Despite its middle-class sheen and tranquil, Mediterranean setting, it’s pretty pulpy stuff – murder plot and suspicious groundskeeper notwithstanding – and all the more fun for it.

Lust, Caution (2007)

Director Ang Lee

Lust, Caution (2007)

Ang Lee’s lush Second World War drama is equal parts espionage and eroticism. In Shanghai (and later, Hong Kong) during the Japanese occupation of China, communist spy Wong Chia Chi (Tang Wei) has a mission to seduce – and kill – Mr Yee (Tony Leung), a businessman working for the Japanese government. The seducer becomes the seduced and a passionate affair ensues, derailing any plans for political plotting.

It’s a long film that moves at a luxuriantly slow pace (Lee withholds most of the sex for the first 90 minutes). This languorous pacing is punctuated by the political plot, which appears sporadically in blunt, violent bursts. Yet the film benefits from this breathing space, the slowness only emphasising the textures of the film’s sensual elements – from the detail of the 1940s period costuming to the softly lit (and impressively acrobatic) sex scenes.

Stoker (2013)

Director Park Chan-wook

Stoker (2013)

Southern gothic meets sleazy suspense in Korean director Park Chan-wook’s English-language debut. India (Mia Wasikowska) is a bookish teenager whose quiet life is shaken up by the appearance of her charming Uncle Charlie (Matthew Goode). India embraces this living link to her recently deceased father, despite Charlie’s unclear intentions. His presence heightens her pre-existing hypersensitivity to the world around her, his arrival sparking a kind of erotic awakening.

Yet it is not just India whose senses are aroused by Charlie’s potent presence; her mentally unstable mother Evie (Nicole Kidman) also finds herself rivalling her daughter for his affections. Philip Glass’s terse score ratchets up the simmering erotic tension as Charlie’s mask of cool reserve begins to slip.

Stranger by the Lake (2014)

Director Alain Guiraudie

Stranger By the Lake (2013)

The serene, glistening lake at the centre of writer-director Alain Guiraudie’s Stranger by the Lake is a gay cruising spot in the south of France. In the blistering heat of high summer, the chiselled Franck (Pierre Deladonchamps) strips off and surveys the handsome offerings on display, striking up an unlikely platonic friendship with middle-aged sad-sack Henri (Patrick d’Assumçao) in the process. Before long, moustachioed newcomer Michel (Christophe Paou) catches his eye, causing ripples in the cruising community – and a seed of panic in the pit of Henri’s stomach.

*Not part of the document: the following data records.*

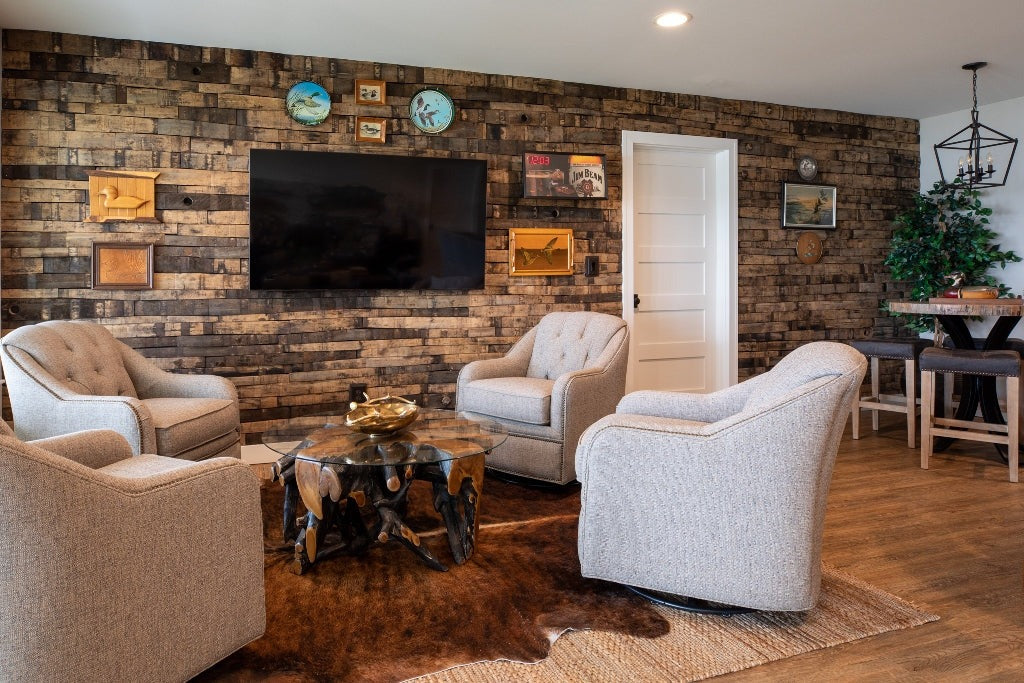 Living room with a wood-plank wall, tweed swivel chairs and a cowhide rug, Duck Lake Landing project, Eagle River, Wisconsin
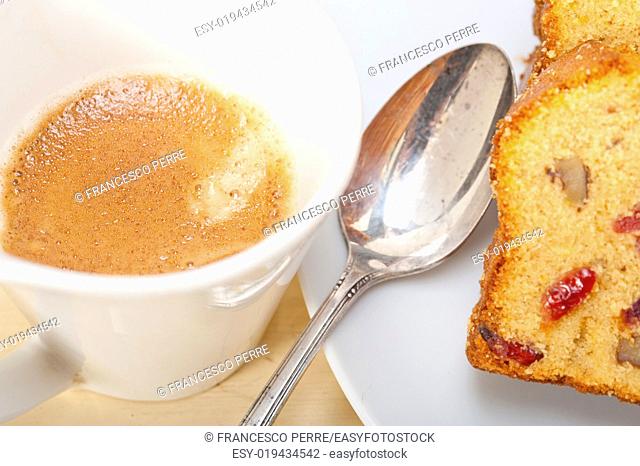 plum cake and espresso coffee over a white rustic table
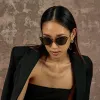Song Cat Eye Sunglasses in Yellow Gold and Black sold by Linda Farrow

Guiraudie adds another layer of peril by making a point of the unprotected escapades; even in today’s post-AIDS context, lustful hedonism maintains its link with fatality. Indeed, the sex is confrontationally explicit in this steamy meditation on the illicit thrills of voyeurism. The violence, however, is considerably more restrained, building slowly before the film’s final orgasmic eruption.